Punjab cricket team

Personnel
- Owner: Punjab Cricket Association

Team information
- Founded: 1953-54
- Home ground: Gaddafi Stadium, Lahore, Punjab, Pakistan
- Secondary home ground(s): Iqbal Stadium, Faisalabad, Punjab, Pakistan

History
- Quaid-e-Azam Trophy wins: 2 (1956–57) (1974–75)
- Pentangular Trophy wins: 1 (2011-12)

= Punjab cricket team (Pakistan) =

Cricket team

The Punjab cricket team was a cricket team representing the Punjab region in Pakistan first-class cricket.
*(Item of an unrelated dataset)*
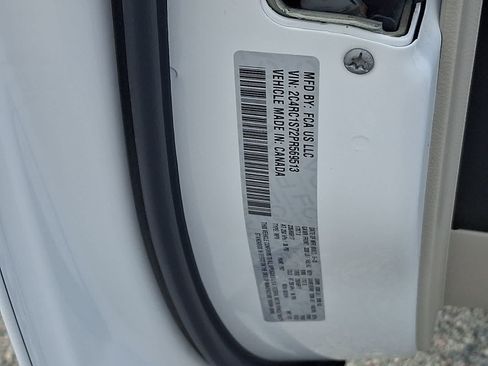 Used 2023 Chrysler Pacifica Limited FWD image 25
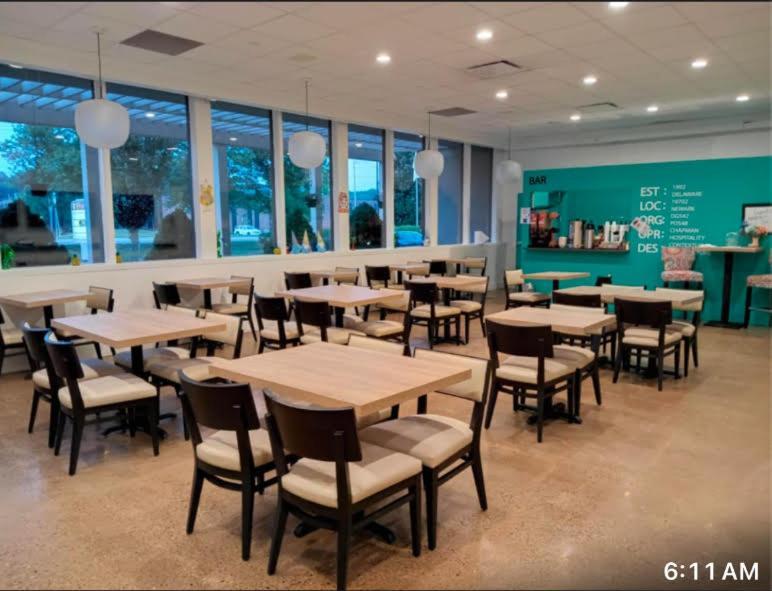 Ramada By Wyndham Newark/Wilmington Hotel Екстериор снимка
Punjab teams played in the Quaid-i-Azam Trophy from its inception in 1953–54 to 1957–58, then in the Pentangular Trophy and Quaid-i-Azam Trophy from 1972–73 to 1978–79, then in the Pentangular Cup from 2007–08 to 2011–12. They also won the inaugural 2008–09 Pentangular One Day Cup.

Apart from Punjab itself, Punjab A, Punjab B, Punjab Greens and Punjab Whites also represented the province in the Quaid-i-Azam Trophy. Punjab won the Trophy in 1956–57, Punjab A won it in 1974–75, and Punjab won the Pentangular Cup in 2011–12.